Set [MODE:select:explain all three marks and when to use each,check my text for mismatches,em dash and en dash comparison] to choose what happens next.

For explain all three marks and when to use each, ignore the passage above completely and walk through the hyphen, the en dash, and the em dash one at a time, covering compound words and prefixes for the hyphen, ranges and connections for the en dash, and parenthetical breaks for the em dash, with one clear original example sentence for each job so all three marks can be compared side by side.

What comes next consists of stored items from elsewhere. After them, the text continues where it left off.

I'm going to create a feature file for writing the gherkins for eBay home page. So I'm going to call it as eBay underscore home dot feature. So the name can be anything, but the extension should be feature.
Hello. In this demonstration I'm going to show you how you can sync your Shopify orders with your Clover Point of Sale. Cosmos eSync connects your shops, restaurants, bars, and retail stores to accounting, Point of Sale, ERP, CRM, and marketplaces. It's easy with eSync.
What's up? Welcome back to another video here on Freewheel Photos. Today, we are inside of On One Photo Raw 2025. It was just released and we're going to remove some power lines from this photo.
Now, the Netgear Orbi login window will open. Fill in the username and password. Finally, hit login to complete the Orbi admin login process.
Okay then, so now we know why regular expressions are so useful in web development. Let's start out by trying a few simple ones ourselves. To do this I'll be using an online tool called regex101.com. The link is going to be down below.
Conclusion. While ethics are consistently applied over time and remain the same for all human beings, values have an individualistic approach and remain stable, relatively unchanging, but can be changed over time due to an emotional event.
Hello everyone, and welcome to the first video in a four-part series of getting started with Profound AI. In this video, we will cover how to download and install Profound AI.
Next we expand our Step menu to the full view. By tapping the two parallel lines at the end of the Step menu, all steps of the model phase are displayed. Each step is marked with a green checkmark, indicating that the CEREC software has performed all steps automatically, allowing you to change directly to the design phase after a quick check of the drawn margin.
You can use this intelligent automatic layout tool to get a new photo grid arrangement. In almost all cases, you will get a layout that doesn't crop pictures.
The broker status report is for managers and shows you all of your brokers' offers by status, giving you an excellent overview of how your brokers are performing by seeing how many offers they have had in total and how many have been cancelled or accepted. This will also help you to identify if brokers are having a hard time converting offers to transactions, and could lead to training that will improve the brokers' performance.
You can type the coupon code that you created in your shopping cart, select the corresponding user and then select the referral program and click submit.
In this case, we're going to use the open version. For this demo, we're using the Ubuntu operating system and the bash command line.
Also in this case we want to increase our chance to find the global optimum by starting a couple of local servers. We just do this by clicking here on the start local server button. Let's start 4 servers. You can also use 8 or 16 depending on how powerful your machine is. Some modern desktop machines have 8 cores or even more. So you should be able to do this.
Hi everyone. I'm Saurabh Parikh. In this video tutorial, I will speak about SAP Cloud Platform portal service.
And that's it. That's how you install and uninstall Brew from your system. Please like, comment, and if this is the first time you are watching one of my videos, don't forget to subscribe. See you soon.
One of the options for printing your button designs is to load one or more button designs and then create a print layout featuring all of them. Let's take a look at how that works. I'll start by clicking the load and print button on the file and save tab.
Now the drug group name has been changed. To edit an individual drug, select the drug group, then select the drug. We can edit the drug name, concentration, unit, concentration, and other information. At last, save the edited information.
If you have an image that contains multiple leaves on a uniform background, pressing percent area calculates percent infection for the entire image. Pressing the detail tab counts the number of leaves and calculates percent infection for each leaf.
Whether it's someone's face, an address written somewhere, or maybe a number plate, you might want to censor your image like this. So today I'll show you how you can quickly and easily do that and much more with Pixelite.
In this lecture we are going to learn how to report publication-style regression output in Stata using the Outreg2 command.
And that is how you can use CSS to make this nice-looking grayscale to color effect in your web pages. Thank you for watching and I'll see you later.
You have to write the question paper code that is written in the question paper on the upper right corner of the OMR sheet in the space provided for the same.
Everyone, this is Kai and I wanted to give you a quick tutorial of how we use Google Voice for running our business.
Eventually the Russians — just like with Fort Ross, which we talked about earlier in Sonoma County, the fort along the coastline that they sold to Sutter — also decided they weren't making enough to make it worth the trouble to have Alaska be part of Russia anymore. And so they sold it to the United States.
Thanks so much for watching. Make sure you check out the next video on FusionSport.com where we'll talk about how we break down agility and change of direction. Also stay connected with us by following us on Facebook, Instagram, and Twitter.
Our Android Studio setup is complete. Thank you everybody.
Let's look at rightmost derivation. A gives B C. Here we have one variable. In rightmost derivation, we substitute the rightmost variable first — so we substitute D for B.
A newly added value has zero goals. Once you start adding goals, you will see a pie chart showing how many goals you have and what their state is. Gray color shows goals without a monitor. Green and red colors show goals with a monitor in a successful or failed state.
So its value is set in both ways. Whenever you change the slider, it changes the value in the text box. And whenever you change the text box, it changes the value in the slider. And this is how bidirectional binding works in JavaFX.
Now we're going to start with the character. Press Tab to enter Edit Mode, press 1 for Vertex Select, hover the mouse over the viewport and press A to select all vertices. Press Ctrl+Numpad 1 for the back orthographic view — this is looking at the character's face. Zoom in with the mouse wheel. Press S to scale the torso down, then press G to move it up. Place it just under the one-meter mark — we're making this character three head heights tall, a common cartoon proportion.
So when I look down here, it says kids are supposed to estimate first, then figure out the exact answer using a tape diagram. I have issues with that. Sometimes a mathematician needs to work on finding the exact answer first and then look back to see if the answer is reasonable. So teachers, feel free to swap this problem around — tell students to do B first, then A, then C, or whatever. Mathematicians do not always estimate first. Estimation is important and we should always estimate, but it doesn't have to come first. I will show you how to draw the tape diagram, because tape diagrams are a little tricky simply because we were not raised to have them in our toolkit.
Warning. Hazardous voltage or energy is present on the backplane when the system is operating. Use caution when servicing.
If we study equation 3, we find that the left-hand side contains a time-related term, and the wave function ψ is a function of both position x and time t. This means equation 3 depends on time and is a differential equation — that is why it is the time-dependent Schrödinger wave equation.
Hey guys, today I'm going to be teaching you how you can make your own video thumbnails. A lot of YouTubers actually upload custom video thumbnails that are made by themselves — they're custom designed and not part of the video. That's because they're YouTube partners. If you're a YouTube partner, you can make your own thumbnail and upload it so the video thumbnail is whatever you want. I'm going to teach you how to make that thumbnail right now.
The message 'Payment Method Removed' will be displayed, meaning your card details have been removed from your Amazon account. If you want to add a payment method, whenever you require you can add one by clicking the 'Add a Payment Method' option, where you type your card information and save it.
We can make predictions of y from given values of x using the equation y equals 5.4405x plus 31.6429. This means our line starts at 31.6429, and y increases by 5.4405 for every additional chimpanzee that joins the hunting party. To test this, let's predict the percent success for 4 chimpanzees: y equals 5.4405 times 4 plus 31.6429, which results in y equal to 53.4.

For check my text for mismatches, work through the passage above sentence by sentence, quote every hyphen, en dash, and em dash exactly as it was typed, including two hyphens typed together if autocorrect never converted them, since that pattern almost always means the writer intended an em dash. Name which of the three jobs that exact mark is doing in its sentence: joining a compound, marking a range or connection, or setting off a break. Flag every mismatch, a hyphen standing in for an en dash's range, a hyphen or en dash standing in for an em dash's break, or a heavier mark used where a plain hyphen belonged. For every mismatch, give the corrected sentence with the right mark in place, and name which style convention the fix follows if the choice depends on it. If a sentence already uses the right mark, say so instead of manufacturing a correction.

For em dash and en dash comparison, ignore the hyphen and the passage above entirely and focus only on the pair people confuse most. Explain the visual and functional difference between the two, then give three original example sentences that would read wrong with the marks swapped: an en dash trying to carry a parenthetical break, and an em dash trying to mark a plain number range. Explain in one line why each swapped version reads wrong.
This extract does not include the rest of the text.